The wavefront occupancy tab of RGP / RGP的wavefront occupancy 选项卡

The occupancy column of the details panel shows the theoretical occupancy for this specific work item. In this capture we can immediately see that the measured occupancy is not constant and does not necessarily match the theoretical occupancy. In the following image, the measured occupancy graph lies within the blue rectangle, the selected work item is in the orange rectangle and the green one shows where to look for theoretical occupancy in the details panel.

There are mainly two reasons why the measured occupancy can’t reach the theoretical occupancy, either there is not enough work to fill all the slots or the GPU is not able to launch those wavefronts quickly enough.

详细信息面板的occupancy列显示了该特定工作项的occupancy的理论值。在图示这个截帧中，我们可以看到occupancy的实际测量值不是恒定的，也不一定与occupancy的理论值相匹配。在截图的下半部分中，蓝色矩形圈的是occupancy的实际测量值，橙色矩形圈的是选中的 work item，绿色矩形表示在详细信息面板中显示的occupancy的理论值的位置。

occupancy的实际测量值无法达到理论值主要有两个原因，要么没有足够的工作来填满所有的slot，要么GPU无法快速启动这些wavefront 。

Lack of work limited occupancy | 受工作不饱和限制的占用率

An AMD Radeon™ RX 7900 XTX has 6 Shader Engines (SEs), 8 Work Group Processors (WGPs) per SE, and 4 SIMDs per WGP. This gives you a total of 6 * 8 * 4 = 192 SIMDs. So any workload short of 192 * 16 = 3072 wavefronts (remember there are 16 wavefront slots per SIMD) will never be able to reach 100% occupancy, even if the wavefronts are never resource limited. This scenario is usually pretty rare and fairly easy to detect.

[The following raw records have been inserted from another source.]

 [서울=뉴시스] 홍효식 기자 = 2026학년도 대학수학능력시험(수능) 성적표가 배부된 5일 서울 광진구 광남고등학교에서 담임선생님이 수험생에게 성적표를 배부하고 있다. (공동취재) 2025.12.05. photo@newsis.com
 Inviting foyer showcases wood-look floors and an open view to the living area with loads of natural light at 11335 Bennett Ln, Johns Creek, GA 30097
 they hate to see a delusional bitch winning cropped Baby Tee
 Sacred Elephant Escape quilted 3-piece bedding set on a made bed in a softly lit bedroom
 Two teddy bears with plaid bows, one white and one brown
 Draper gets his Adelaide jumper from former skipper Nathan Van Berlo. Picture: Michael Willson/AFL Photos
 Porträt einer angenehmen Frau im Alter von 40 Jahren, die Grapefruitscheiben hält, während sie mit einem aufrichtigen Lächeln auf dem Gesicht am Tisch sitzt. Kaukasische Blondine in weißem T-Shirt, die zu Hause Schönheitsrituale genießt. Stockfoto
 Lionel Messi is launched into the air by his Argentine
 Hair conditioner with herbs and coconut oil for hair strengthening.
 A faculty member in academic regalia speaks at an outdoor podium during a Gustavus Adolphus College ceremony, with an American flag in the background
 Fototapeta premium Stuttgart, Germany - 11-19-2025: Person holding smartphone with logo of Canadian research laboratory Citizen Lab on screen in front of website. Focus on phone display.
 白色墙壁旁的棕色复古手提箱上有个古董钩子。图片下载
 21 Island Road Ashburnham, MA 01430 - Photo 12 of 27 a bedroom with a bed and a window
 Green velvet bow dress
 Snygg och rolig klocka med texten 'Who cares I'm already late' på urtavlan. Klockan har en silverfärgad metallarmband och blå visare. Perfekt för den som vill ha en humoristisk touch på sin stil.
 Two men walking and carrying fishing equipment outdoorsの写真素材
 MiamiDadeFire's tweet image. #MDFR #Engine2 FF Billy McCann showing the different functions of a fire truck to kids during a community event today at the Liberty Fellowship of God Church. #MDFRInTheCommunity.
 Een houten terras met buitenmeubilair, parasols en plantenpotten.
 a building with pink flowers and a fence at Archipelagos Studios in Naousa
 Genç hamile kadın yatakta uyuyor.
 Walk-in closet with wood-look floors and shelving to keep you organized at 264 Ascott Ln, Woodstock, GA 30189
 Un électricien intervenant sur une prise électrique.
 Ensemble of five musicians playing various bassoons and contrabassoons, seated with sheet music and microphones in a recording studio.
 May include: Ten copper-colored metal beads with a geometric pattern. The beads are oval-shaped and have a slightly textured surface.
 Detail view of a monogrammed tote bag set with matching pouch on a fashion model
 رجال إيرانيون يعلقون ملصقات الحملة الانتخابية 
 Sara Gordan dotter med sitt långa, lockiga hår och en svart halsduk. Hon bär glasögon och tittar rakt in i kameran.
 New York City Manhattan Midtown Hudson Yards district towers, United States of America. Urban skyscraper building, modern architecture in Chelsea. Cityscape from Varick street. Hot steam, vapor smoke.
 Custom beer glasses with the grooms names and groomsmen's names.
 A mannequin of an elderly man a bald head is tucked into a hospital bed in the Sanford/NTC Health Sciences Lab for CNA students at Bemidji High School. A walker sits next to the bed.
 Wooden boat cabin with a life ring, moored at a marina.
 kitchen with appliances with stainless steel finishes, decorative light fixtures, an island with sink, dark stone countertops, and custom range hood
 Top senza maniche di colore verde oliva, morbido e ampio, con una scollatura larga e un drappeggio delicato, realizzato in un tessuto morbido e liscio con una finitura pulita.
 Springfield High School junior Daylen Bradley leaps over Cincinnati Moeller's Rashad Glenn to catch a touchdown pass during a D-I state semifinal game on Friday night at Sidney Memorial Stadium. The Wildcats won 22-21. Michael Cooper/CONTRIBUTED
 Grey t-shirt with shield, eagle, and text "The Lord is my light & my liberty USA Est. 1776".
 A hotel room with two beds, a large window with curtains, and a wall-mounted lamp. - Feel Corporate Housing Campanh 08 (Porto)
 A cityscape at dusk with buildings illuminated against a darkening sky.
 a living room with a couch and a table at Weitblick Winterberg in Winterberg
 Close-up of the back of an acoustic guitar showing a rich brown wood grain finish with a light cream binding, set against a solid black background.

The execution of such a small workload will be very quick on the GPU and the details panel will display how many wavefronts were assigned in total. In the following image, the selected work item’s theoretical occupancy is 16/16 as shown in green in the details panel, yet the measured occupancy doesn’t even reach 4/16 as shown in blue. This is because there are only 510 wavefronts in flight as shown in orange in the details panel.

AMD Radeon™ RX 7900 XTX具有6个着色器引擎（Shader Engines，SEs），每个SE有8个工作组处理器（Work Group Processors，WGPs），每个WGP有4个SIMD，所以一共是 6 * 8 * 4 = 192个SIMD。因此，任何少于192 * 16 = 3072个wavefront（记住每个SIMD有16个wavefront slot）的workload都无法达到100％的occupancy，即使wavefront从未受到资源限制。这种情况通常非常罕见，而且相对容易检测出来。(Xclipse940是1个Shader Engine，每个Shader Engine有6个Work Group processor，每个Work Group processor有4个SIMD，每个SIMD16个wavefront。因此，任何少于 1*6*4*16 = 384 个wavefront的workflow都无法达到100％的occupancy)

对于这样一个非常小的workload，在GPU上执行速度非常快，并且详细信息面板会显示总共分配了多少个wavefronts。在下面的图像中，选定的work item在详细信息面板中显示的理论占用率为16/16（绿色框），但测量占用率甚至不到4/16（蓝色框）。这是因为详细信息面板中显示只有510个wavefront正在运行（橙色框）。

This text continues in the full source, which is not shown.